Bethany (Beth) Mccormick is currently the director of strategic workforce development for the Engineering Directorate at the Lawrence Livermore National Laboratory (LLNL). Since joining LLNL in 2006, Beth has become known as a leader in STEM education and career development throughout the Bay Area and the country. Beth is responsible for Engineering’s student programs, university relationships, employee engagement and diversity and inclusion programs. Beth recently helped lead the transition of LLNL’s summer internship program to a virtual program which included teaching mentors how to manage remotely.

Raj Sankaran is a member of the technical staff at Argonne National Laboratory. Through his research pursuits through Argonne and Northwestern University, Raj collaborates closely with Environmental, Urban, High-Performance Computing and Weather/Climate researchers. Raj co-leads the Waggle Edge-Computing research platform and over the past 9 years, he has supervised/co-supervised over 50 graduate, undergraduate and high-school students through summer internships and graduate study programs. This year, the Waggle team has over half a dozen graduate, undergraduate, and high-school students across various programs (Research Aide, REU, SULI, and Student Visitor) participating in remote internships on both software based research projects and also projects involving physical hardware and sensors.

Moderator Bios

Ashley Barker is the Group Leader for the User Assistance and Outreach (UAO) team at the Oak Ridge Leadership Computing Facility (OLCF) located at Oak Ridge National Lab (ORNL). UAO is responsible for facilitating access to OLCF resources, providing training, documentation, and technical support to users, collecting and reporting on user facility data, and acquainting the public with the work conducted at the OLCF through scientific highlights. The OLCF supports more than 1,200 users and 250 projects annually from a wide spectrum of science domains. Ashley served as the National Climate Research Center (NCRC) Project Director from 2014-2016. The NCRC project represents a partnership between NOAA and DOE and through this partnership, the NCRC team has delivered multiple computer systems to NOAA, allowing the agency to advance its climate modeling and improve our understanding of climate variability and change. Ashley is also currently involved in the Exascale Computing Project (ECP) as the Control Account Manager (CAM) for training and productivity.

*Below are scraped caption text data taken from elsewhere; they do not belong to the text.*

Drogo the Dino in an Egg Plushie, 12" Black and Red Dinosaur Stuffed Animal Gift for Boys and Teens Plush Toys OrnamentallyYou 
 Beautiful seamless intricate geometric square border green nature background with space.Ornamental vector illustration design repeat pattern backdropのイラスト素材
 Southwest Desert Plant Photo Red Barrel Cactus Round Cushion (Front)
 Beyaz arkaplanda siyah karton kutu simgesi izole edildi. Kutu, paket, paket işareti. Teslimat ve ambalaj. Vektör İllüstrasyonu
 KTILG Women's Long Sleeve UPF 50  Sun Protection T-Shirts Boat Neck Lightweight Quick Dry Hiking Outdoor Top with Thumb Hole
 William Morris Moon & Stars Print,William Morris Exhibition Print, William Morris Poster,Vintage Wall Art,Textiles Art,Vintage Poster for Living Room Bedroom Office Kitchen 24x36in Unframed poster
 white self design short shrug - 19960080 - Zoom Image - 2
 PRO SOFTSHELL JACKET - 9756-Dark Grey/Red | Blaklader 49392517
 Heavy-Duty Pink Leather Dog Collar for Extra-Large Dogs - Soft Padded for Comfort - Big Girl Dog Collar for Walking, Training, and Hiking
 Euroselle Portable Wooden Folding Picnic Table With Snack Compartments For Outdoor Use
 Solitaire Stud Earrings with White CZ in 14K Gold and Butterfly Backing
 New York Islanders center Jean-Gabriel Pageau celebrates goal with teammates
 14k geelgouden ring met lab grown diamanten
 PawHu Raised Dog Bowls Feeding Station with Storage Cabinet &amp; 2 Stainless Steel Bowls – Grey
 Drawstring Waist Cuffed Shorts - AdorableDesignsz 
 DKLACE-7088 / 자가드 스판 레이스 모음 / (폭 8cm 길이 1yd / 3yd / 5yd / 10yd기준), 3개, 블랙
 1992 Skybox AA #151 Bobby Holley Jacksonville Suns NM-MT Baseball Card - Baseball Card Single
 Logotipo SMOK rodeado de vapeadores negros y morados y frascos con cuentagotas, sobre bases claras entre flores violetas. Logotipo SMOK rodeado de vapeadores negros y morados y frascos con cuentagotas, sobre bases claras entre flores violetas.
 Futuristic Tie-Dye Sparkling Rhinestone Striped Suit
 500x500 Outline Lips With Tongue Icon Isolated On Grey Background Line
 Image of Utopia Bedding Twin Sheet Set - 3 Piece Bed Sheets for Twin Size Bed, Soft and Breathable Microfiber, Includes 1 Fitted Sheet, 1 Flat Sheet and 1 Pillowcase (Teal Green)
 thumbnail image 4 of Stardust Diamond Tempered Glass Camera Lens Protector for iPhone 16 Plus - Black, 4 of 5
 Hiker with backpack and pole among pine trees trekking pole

Rebecca Hartman-Baker leads the User Engagement Group at NERSC, where she is responsible for engagement with the NERSC user community to increase user productivity via advocacy, support, training, and the provisioning of usable computing environments. As part of this effort, she produces a podcast, ‘NERSC User News’, covering topics of interest to NERSC users, which is syndicated on iTunes, Google Play, and more. She worked as a postdoc and then as a scientific computing liaison in the Oak Ridge Leadership Computing Facility, and a senior supercomputing applications specialist at the Pawsey Supercomputing Centre before joining NERSC in 2015. Rebecca has hired several dozen people, including students, postdocs, and staff, but until recently had never onboarded anyone remotely. This summer she is welcoming two new staff members and four student interns into her group.

Elaine Raybourn is a social scientist in the Statistics and Human Systems Group (Applied Cognitive Science) at Sandia National Laboratories. Her research focuses on virtual teams, software developer productivity, and transmedia learning. She has worked remotely for a combined total of 14 years while at Sandia National Laboratories: from the UK as a guest researcher at British Telecom; Germany (Fraunhofer FIT) and France (INRIA) as a Fellow of the European Research Consortium in Informatics and Mathematics (ERCIM), and most recently from Orlando, Florida as Sandia’s Institutional PI for the IDEAS-ECP productivity project. She leads the panel series Strategies for Working Remotely.